Double Exposure is the eighth ballet choreographed by Artistic Director Emerita Judith Jamison for Alvin Ailey American Dance Theater. The movement vocabulary in Double Exposure is unique and inventive. Combined with the electronic dimensions onstage and the dazzling Ailey dancers, Ms. Jamison has achieved a new level of choreographic prowess.
Ms. Jamison discussed the concept of Double Exposure:
"Robbi (Ruggieri) came to me with this idea. He said Double Exposure was a very interesting title for something he was working on musically. I related to it immediately. I responded to Robbi by saying that I had been interested in choreographing a male pas de deux. I was also captivated by the concept of showing two sides of one person. We are all multi-layered and multi-leveled human beings. This was a way to show two aspects of one person. The women got into the story as catalysts because in my ballets I always have some strong, powerful female figures. In that sense they broke down as three elements of one woman. Everybody thinks that the three women are me but it really is just three different ways of moving me. They are like the Greek chorus in ancient theater because they are aware of the fact that the two men are really one personality. It also has to do with the idea of the masculine-feminine qualities that each one of us encompasses."
"I wanted to create a 'dancey' ballet. I'm influenced by Martha Graham and material moving around, elegance and color. If you have dancers like Matthew Rushing and Glenn Sims, they give you an extra stretch of the movement that has been given to them initially in the choreographic process. And I always say when I'm working on a new ballet that the dancers' mistakes are sometimes my steps. For instance, they will fall out of something that I have given them to do and it becomes an organic transition into something else. It all boils down to a matter of trust and my belief in what their bodies are naturally doing. In one segment of Double Exposure, I tripped doing a step. I turned around and the dancers picked up the trip and all of a sudden it became part of the movement. I love working that way because that is the way Alvin used to work with me. I adore exploring and trusting those dancers to extend themselves that way in the process of making a dance."
"I wasn't exactly trying to reach another level of movement. This is what came out of me in the creative process. I did know that I wanted to appreciate each woman's idiosyncracies and I love to work the men in tandem. John Butler used to make me crazy watching what he would do with his dancers in tandem." Ms. Jamison found it especially interesting to pair dancers of different sizes and explore the implications of that in partnering work. "The cantilever transitions were fascinating to work with choreographically. That is what pas de deux is all about: struggle, balance, off-balance, tension."

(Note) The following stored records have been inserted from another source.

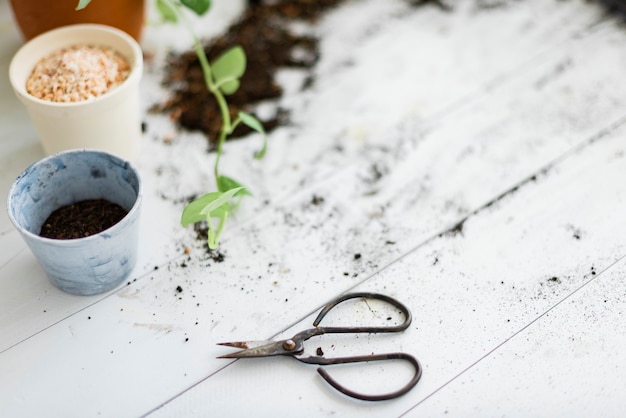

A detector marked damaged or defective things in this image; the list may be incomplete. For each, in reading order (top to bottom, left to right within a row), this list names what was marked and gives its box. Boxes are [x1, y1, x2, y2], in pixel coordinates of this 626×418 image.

rusty scissor [217, 292, 422, 400]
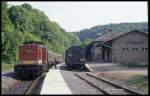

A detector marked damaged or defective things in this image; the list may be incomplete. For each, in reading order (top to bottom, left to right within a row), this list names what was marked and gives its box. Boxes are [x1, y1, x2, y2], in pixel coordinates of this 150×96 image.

rusty rail track [73, 72, 141, 95]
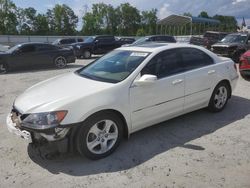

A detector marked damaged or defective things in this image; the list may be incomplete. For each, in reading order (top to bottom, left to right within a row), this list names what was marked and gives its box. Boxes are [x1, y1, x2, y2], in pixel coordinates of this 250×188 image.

damaged vehicle [6, 43, 238, 159]
damaged vehicle [211, 33, 250, 63]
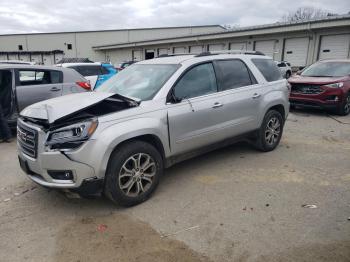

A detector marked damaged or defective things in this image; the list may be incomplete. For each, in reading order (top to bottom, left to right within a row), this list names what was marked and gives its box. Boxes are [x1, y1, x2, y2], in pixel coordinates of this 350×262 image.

crumpled hood [20, 92, 116, 124]
broken headlight [46, 118, 98, 149]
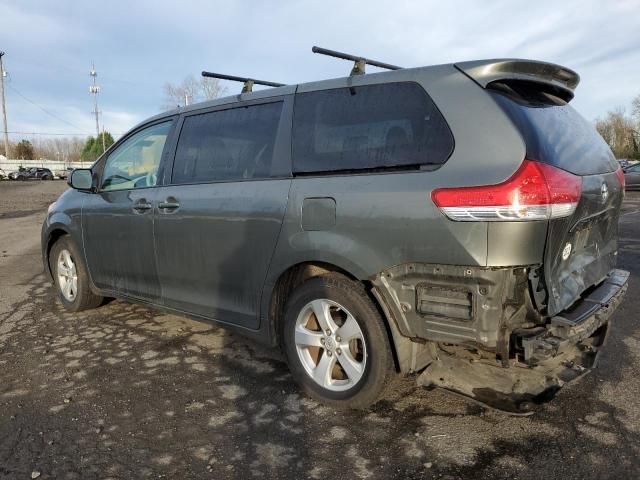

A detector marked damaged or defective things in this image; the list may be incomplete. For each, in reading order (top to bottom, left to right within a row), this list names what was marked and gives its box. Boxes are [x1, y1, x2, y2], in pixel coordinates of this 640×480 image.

severe rear damage [372, 264, 628, 414]
crumpled bumper [416, 268, 632, 414]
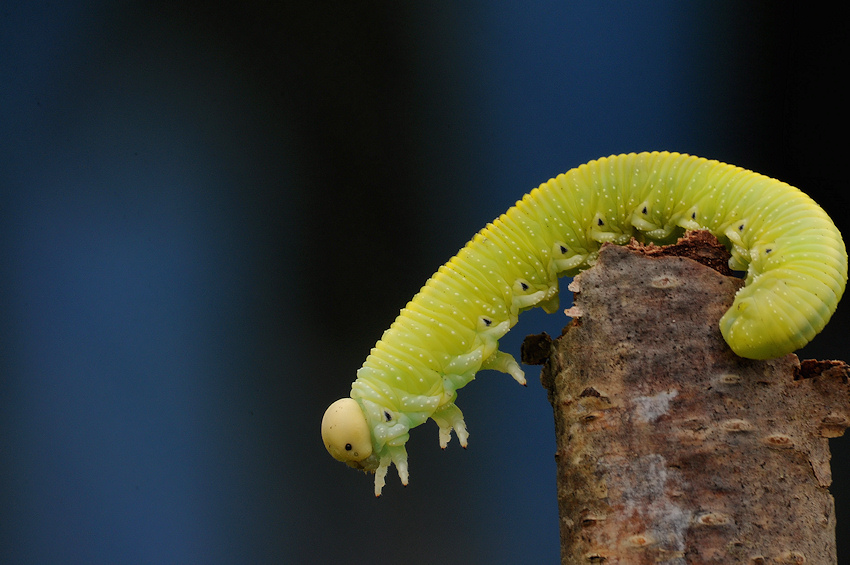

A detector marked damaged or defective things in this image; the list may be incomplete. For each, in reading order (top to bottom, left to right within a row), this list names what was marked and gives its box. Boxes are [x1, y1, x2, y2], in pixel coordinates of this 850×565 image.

splintered wood [528, 236, 848, 560]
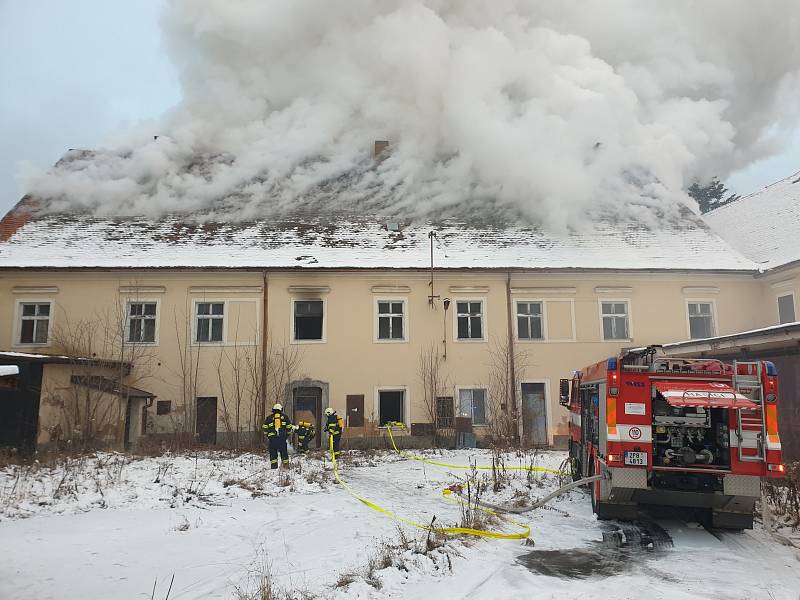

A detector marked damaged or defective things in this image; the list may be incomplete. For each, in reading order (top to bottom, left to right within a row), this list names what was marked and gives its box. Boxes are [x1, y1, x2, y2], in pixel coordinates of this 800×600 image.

broken window [18, 302, 49, 344]
broken window [127, 302, 157, 344]
broken window [197, 300, 225, 342]
broken window [292, 302, 324, 340]
broken window [374, 302, 400, 340]
broken window [456, 302, 482, 340]
broken window [520, 302, 544, 340]
broken window [604, 302, 628, 340]
broken window [684, 302, 716, 340]
broken window [776, 294, 792, 324]
broken window [380, 390, 406, 426]
broken window [456, 390, 488, 426]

"My second cast of men, Jeffrey Gerodias and Clifton Brown, are beautiful too. It is a different feeling with them, a younger version of maturity or an aching youthfulness. There is more of an innocence to their performance, whereas Matthew and Glenn have a weight to theirs. And the way they are affected by the women has another feel to it altogether. When Matthew and Glenn touch the women, it is like shock waves are coming off the women. There is a cognizance by the men that these women are there to help them get to the next level they need to reach. In the second cast, the women are almost not real, they are like spirits."

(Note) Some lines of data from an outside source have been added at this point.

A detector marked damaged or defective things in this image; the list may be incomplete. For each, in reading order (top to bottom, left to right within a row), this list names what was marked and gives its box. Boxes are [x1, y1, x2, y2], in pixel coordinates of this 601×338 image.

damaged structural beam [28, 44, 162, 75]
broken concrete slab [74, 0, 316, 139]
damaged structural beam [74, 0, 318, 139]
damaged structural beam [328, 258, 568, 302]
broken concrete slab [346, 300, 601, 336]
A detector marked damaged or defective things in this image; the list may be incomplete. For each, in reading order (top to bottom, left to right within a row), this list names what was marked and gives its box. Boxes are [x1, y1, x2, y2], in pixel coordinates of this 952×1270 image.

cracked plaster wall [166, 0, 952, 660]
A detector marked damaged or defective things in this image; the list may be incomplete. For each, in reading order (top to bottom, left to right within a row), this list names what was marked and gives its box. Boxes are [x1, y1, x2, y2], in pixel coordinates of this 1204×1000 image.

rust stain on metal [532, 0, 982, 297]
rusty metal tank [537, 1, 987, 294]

"I choreographed the dance first and then layered it with the technological mechanics later. Technology was new to me and I had seen Mark Coniglio's performance downtown. His ability to marry what was happening on stage with the cameras and film was absolutely fascinating. I'm just at the tip of the iceberg now and I'm starting to find out about these mechanics. When he said that I could have a camera in the hand of a dancer and it wouldn't be any bigger than a battery pack, I was thrilled and he engineered that for me."

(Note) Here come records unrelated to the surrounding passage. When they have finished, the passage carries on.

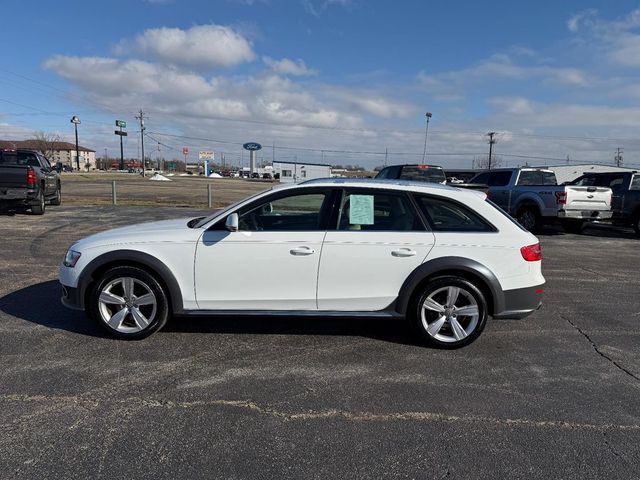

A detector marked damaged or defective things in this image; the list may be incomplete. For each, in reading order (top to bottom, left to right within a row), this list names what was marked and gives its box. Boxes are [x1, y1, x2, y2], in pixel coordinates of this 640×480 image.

crack in asphalt [560, 316, 640, 382]
crack in asphalt [1, 394, 640, 436]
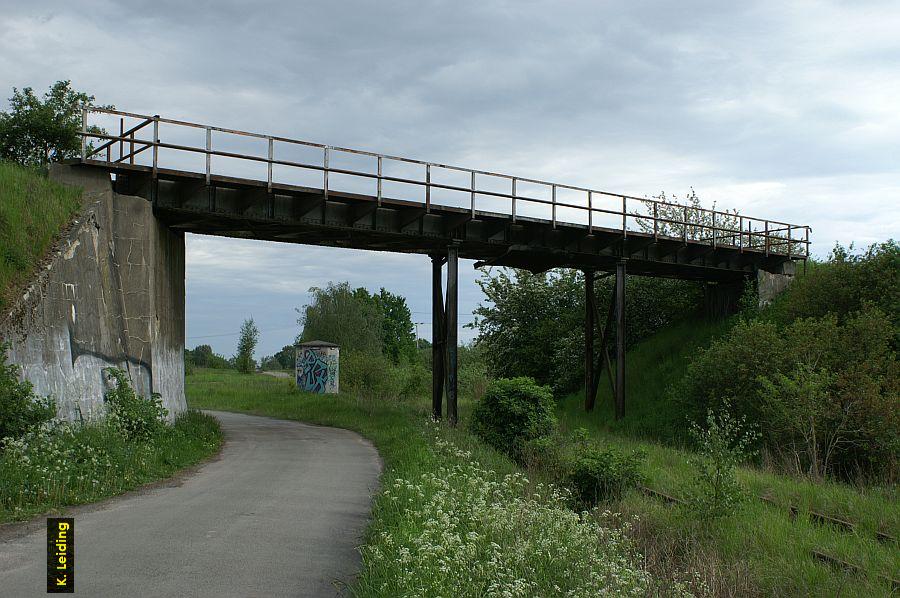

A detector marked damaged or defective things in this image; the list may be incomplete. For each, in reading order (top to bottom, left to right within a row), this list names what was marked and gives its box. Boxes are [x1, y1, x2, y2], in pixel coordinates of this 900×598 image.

cracked concrete wall [0, 165, 185, 422]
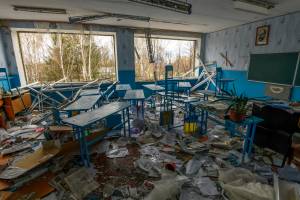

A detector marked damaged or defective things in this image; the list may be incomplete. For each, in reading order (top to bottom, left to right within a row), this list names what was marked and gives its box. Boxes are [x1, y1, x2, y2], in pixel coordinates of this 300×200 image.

broken window [17, 31, 116, 83]
broken window [134, 36, 196, 81]
broken furniture frame [61, 102, 130, 166]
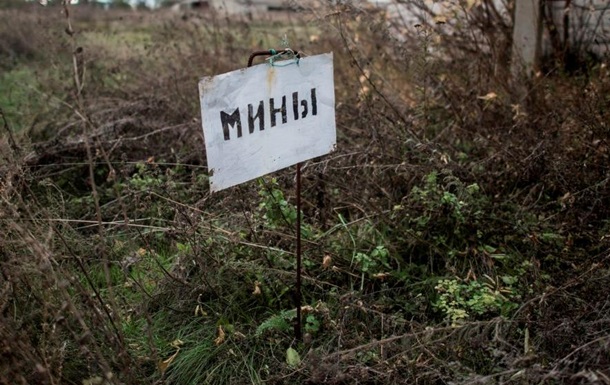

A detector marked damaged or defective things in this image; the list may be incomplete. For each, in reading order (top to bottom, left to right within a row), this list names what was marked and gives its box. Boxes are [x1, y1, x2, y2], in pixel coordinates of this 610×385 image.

rusty metal post [247, 49, 302, 340]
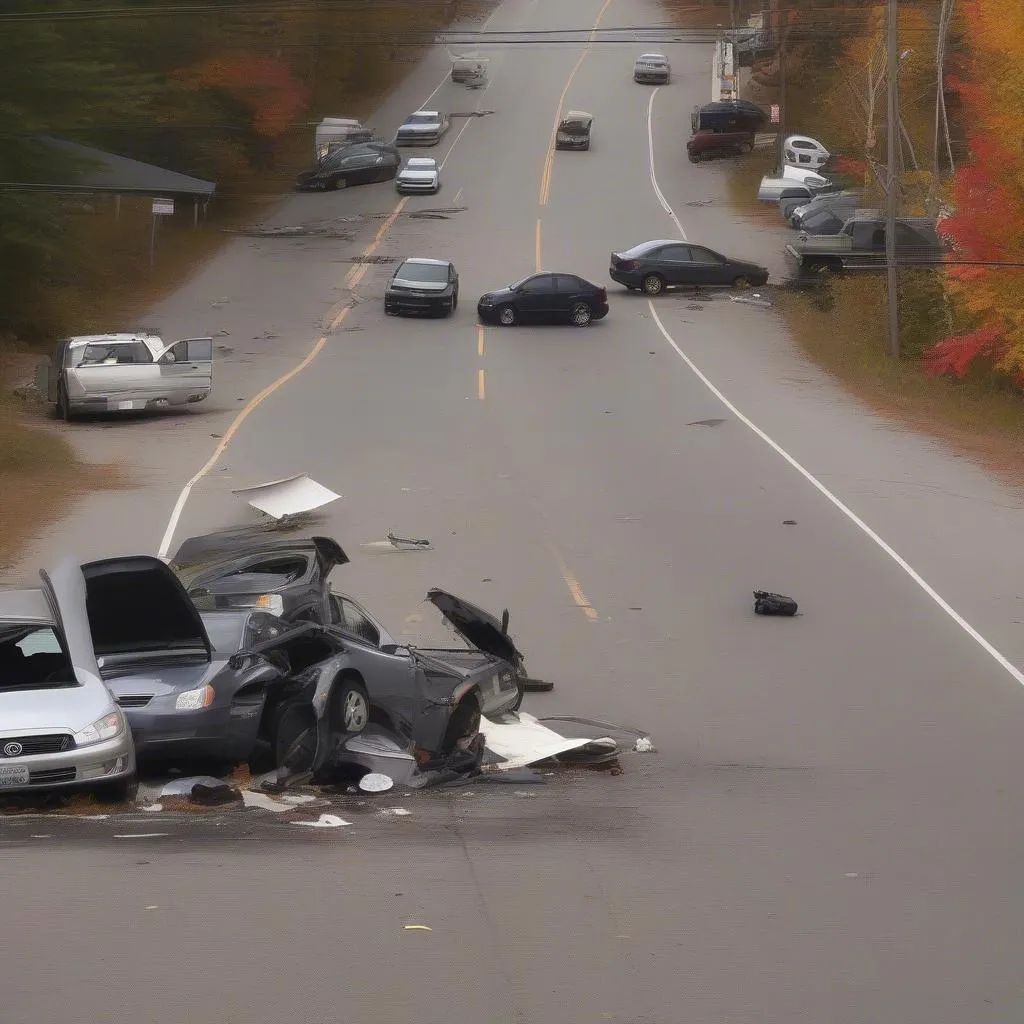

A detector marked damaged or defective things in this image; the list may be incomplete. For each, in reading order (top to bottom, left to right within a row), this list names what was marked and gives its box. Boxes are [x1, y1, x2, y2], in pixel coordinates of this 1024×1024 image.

detached car hood [425, 589, 524, 667]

"For me, what is happening on stage is real. I need the audience to know that we didn't film this ahead of time. It's spontaneous. It is a whole different perspective of looking at movement and dance together with film. I am excited to see how Double Exposure looks and feels on different stages. Every time the dancers perform the piece it goes into another dimension. It evolves and creates its own territory. The dancers create their own space and are challenged by making things move or get out of their way so that they can reach the next plateau. It is certainly an intimate and generous experience simultaneously, which is hard to attain. But that is what Alvin Ailey was all about: the ability to see things from a different point of view. He encouraged us to make room for the possibilities in order to take us on another journey. It's an additional kind of exposure!"